Nelly's Folly is a 1961 Warner Bros. Merrie Melodies cartoon short written and directed by Chuck Jones released on December 30, 1961. Like One Froggy Evening the film is about the discovery of a singing animal, with a narrative focus on the animal rather than its human manager.

==Plot==
In Africa a giraffe named Nelly captivates other animals with her melodious singing. A passing hunter urges her to go professional and offers her a contract.

Leaving behind her jungle home, Nelly ventures to New York City, eager to explore the allure of show business.

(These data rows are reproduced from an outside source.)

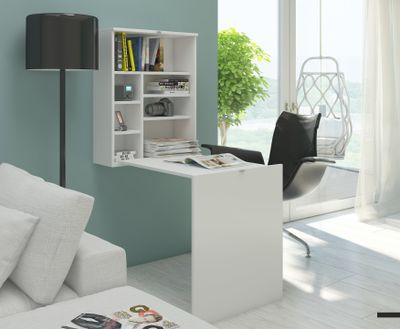 Maison's Bureau - Inklapbaar bureau - Uitklapbare kast - Wit - 71x54x75
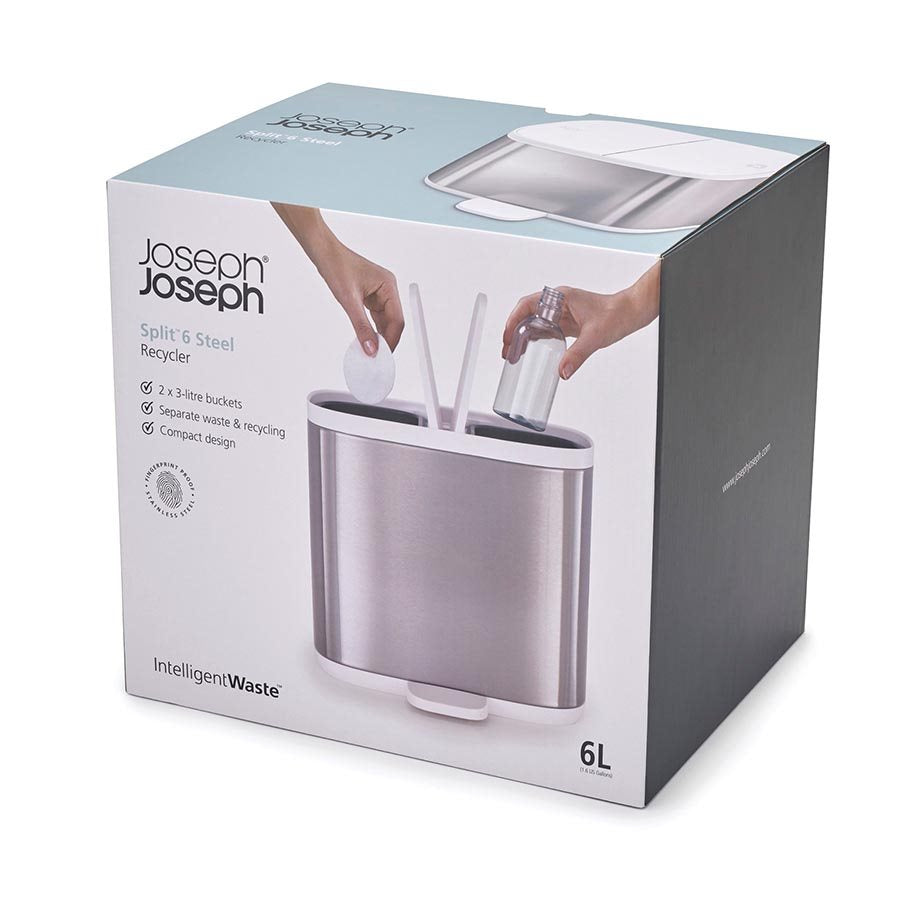 Joseph Joseph - Split BathroomWaste SeparationBin-Steel - Artock Australia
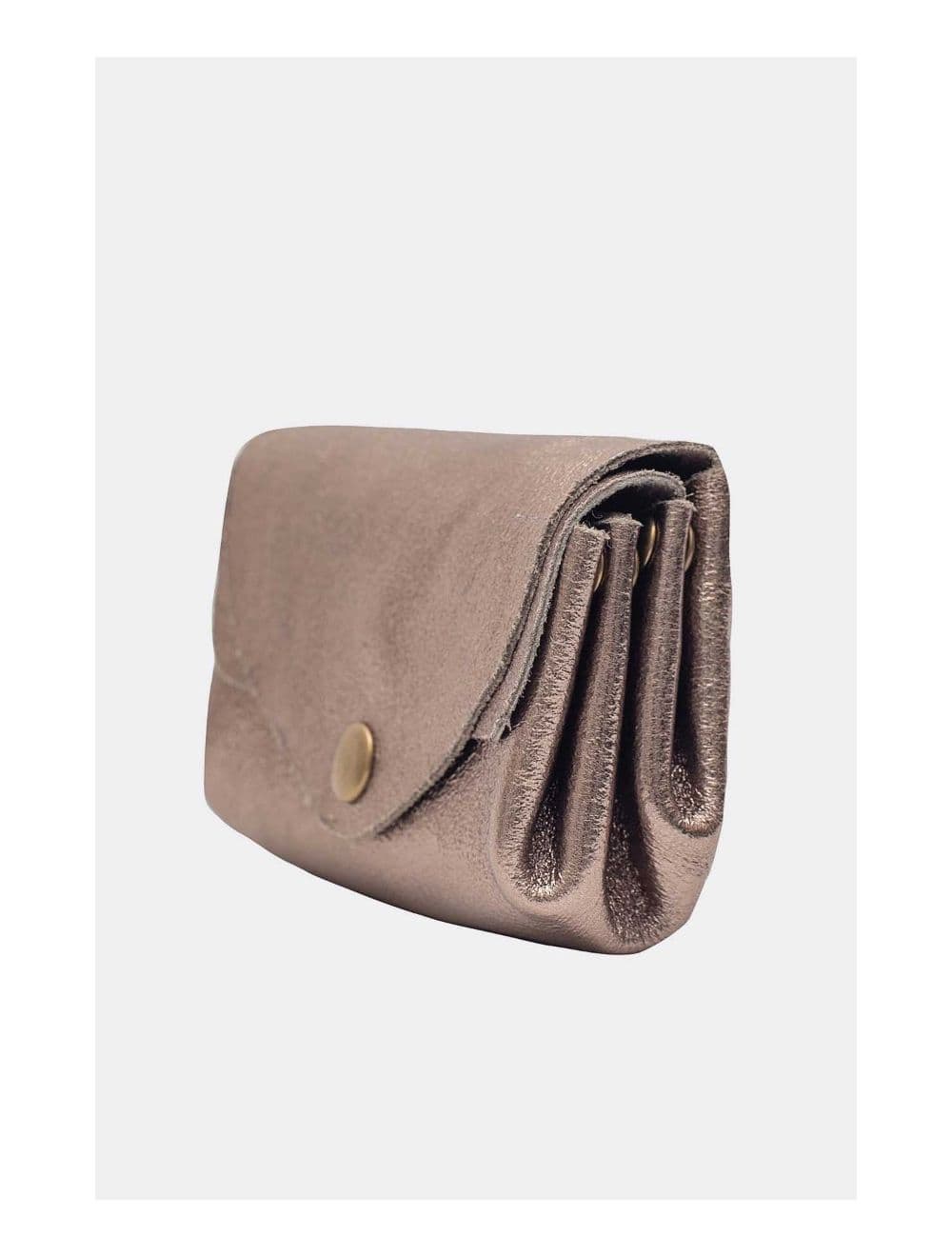 Pochette en Croûte Cuir Vachette Métallisé 4903 SUZIE METAL-Etain — vue 3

Initially thrust into the world of advertising and live performances, she eventually becomes a successful singer and fashion icon, epitomizing the facade of fame. However, as her career flourishes, Nelly grapples with feelings of loneliness and disillusionment, longing for genuine companionship.

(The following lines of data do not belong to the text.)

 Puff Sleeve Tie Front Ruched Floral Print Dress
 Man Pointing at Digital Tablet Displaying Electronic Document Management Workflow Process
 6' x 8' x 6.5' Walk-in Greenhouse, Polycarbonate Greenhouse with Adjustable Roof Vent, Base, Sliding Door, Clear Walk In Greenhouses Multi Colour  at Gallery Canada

Her quest for love leads her to the zoo, where a married giraffe makes a pass at her. She has an affair with the giraffe, resulting in a public scandal and warning from her agent. After one of her shows opens to an empty house which the narrator claims was the worse insult of all, she spirals into obscurity where the newspaper talks about the empty house, her work in foreign movies, and her agent leaving her. Nelly is rejected by her beau who kisses his wife.

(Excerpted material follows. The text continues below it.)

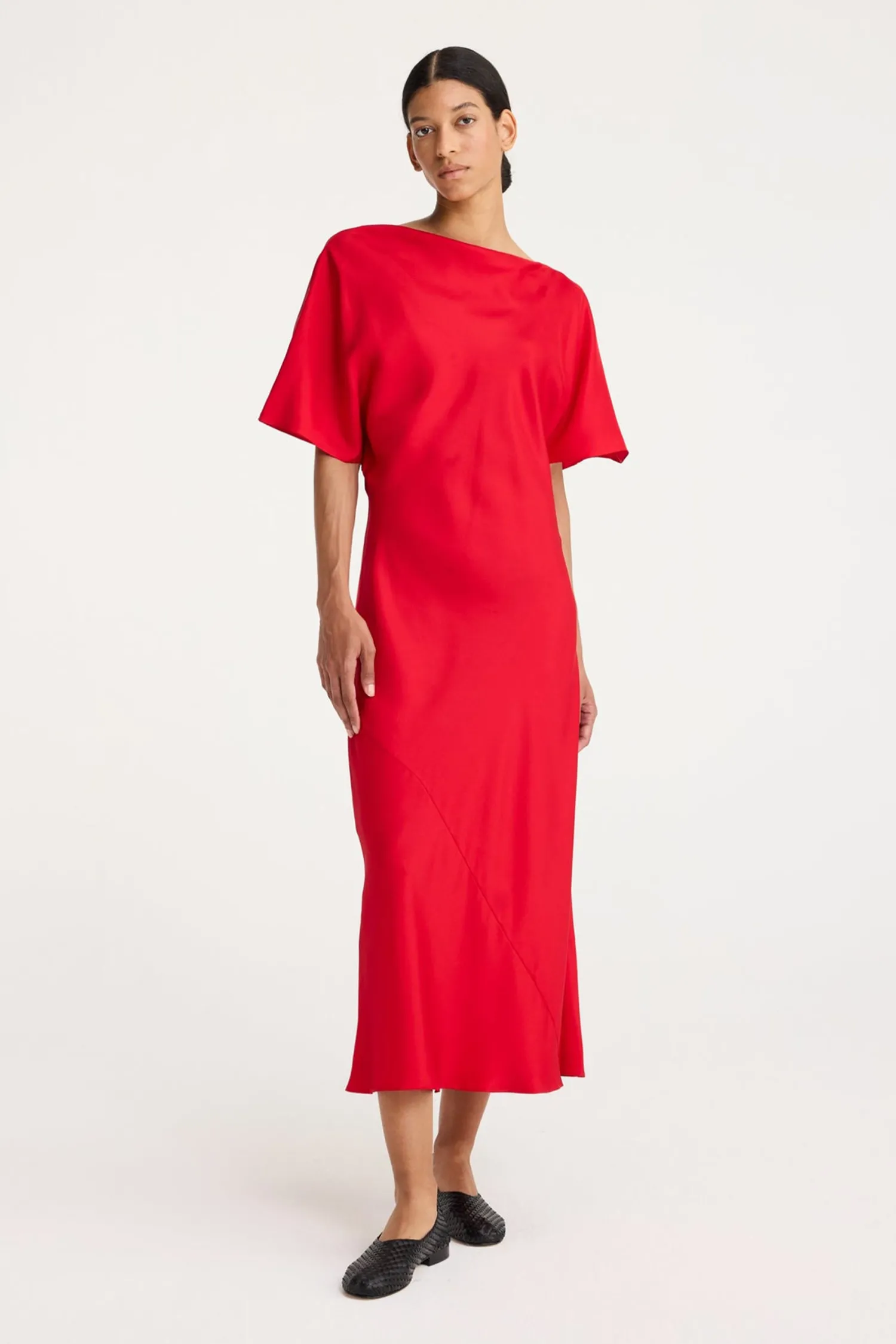 New RÓHE FLUID SILK DRESS Red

Disheartened by the superficiality of fame, Nelly weeps despondently over a bridge railing. The narrator says that her loyal fans hope she made her way home and found peace among her friends. Nelly is shown singing a sad tune in Africa as her friends listen in. Just then, a male giraffe chimes in and the two fall in love.

==Crew==
- Animation: Richard Thompson, Ben Washam, Tom Ray, Ken Harris
- Layouts: Maurice Noble
- Backgrounds: Philip DeGuard
- Film Editor: Treg Brown
- Voice Characterizations: Gloria Wood, Mel Blanc, Ed Prentiss
- Music: Milt Franklyn
- Produced by David H. DePatie
- Co-directors: Maurice Noble, Abe Levitow
- Story: Dave Detiege, Chuck Jones
- Directed by Chuck Jones

==Music==
- "Auld Lang Syne"
- "The Flower of Gower Gulch" (originally featured in Drip-Along Daffy); written by Michael Maltese
- "Voices of Spring"; Johann Strauss II
- "Aloha Oe"; Queen Liliuokalani
- "Columbia, Gem of the Ocean" (aka "The Red, White and Blue")
- "Then You'll Remember Me", from the opera The Bohemian Girl

==Accolades==
Nelly's Folly was nominated for an Academy Award for Best Animated Short Film in 1962, but lost out to Surogat.

==Home media==
DVD:
- Warner Bros. Home Entertainment Academy Awards Animation Collection
- Looney Tunes Platinum Collection: Volume 3
- Sex and the Single Woman

==Popular culture==
Nelly has made different cameos since this cartoon:

- Nelly makes a cameo in Bugs Bunny's Elephant Parade, voiced by Tress MacNeille
- Nelly makes a cameo in Coyote vs. Acme. She was among the Looney Tunes characters found outside of the law firm Avery, Jones and Maltese.